EXERCISE OBJECTIVE ->
Print the data that follows exactly.

RECORDS FOR PROCESSING ->
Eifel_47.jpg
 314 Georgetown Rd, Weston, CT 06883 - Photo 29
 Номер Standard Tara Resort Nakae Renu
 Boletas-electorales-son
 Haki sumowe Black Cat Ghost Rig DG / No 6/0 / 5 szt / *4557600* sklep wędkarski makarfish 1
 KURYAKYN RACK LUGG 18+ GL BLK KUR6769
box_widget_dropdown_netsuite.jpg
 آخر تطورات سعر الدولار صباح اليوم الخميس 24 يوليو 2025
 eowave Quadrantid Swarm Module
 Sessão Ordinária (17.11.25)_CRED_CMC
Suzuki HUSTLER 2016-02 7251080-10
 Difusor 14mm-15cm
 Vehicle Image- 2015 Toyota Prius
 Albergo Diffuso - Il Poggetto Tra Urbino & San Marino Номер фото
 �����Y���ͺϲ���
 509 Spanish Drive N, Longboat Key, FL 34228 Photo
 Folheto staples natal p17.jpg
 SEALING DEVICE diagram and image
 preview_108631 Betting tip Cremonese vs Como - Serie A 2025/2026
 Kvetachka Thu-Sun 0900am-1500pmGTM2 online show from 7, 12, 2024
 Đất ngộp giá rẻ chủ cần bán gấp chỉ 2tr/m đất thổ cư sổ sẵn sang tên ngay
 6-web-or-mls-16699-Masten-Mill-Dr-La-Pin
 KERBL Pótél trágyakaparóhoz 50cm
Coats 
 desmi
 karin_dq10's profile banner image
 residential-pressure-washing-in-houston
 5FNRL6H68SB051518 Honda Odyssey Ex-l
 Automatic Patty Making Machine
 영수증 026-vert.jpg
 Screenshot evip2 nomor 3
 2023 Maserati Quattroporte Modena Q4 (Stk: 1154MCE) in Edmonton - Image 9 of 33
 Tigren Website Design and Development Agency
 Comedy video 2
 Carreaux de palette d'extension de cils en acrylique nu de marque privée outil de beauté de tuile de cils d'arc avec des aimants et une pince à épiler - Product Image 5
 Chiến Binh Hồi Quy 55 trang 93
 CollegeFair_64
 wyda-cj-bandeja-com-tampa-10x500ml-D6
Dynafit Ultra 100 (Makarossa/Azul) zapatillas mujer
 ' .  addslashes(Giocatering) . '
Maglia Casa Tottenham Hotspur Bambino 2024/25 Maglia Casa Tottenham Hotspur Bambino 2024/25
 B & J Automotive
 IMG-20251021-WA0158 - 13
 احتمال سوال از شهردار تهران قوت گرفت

EXERCISE RESPONSE ->
Eifel_47.jpg
 314 Georgetown Rd, Weston, CT 06883 - Photo 29
 Номер Standard Tara Resort Nakae Renu
 Boletas-electorales-son
 Haki sumowe Black Cat Ghost Rig DG / No 6/0 / 5 szt / *4557600* sklep wędkarski makarfish 1
 KURYAKYN RACK LUGG 18+ GL BLK KUR6769
box_widget_dropdown_netsuite.jpg
 آخر تطورات سعر الدولار صباح اليوم الخميس 24 يوليو 2025
 eowave Quadrantid Swarm Module
 Sessão Ordinária (17.11.25)_CRED_CMC
Suzuki HUSTLER 2016-02 7251080-10
 Difusor 14mm-15cm
 Vehicle Image- 2015 Toyota Prius
 Albergo Diffuso - Il Poggetto Tra Urbino & San Marino Номер фото
 �����Y���ͺϲ���
 509 Spanish Drive N, Longboat Key, FL 34228 Photo
 Folheto staples natal p17.jpg
 SEALING DEVICE diagram and image
 preview_108631 Betting tip Cremonese vs Como - Serie A 2025/2026
 Kvetachka Thu-Sun 0900am-1500pmGTM2 online show from 7, 12, 2024
 Đất ngộp giá rẻ chủ cần bán gấp chỉ 2tr/m đất thổ cư sổ sẵn sang tên ngay
 6-web-or-mls-16699-Masten-Mill-Dr-La-Pin
 KERBL Pótél trágyakaparóhoz 50cm
Coats 
 desmi
 karin_dq10's profile banner image
 residential-pressure-washing-in-houston
 5FNRL6H68SB051518 Honda Odyssey Ex-l
 Automatic Patty Making Machine
 영수증 026-vert.jpg
 Screenshot evip2 nomor 3
 2023 Maserati Quattroporte Modena Q4 (Stk: 1154MCE) in Edmonton - Image 9 of 33
 Tigren Website Design and Development Agency
 Comedy video 2
 Carreaux de palette d'extension de cils en acrylique nu de marque privée outil de beauté de tuile de cils d'arc avec des aimants et une pince à épiler - Product Image 5
 Chiến Binh Hồi Quy 55 trang 93
 CollegeFair_64
 wyda-cj-bandeja-com-tampa-10x500ml-D6
Dynafit Ultra 100 (Makarossa/Azul) zapatillas mujer
 ' .  addslashes(Giocatering) . '
Maglia Casa Tottenham Hotspur Bambino 2024/25 Maglia Casa Tottenham Hotspur Bambino 2024/25
 B & J Automotive
 IMG-20251021-WA0158 - 13
 احتمال سوال از شهردار تهران قوت گرفت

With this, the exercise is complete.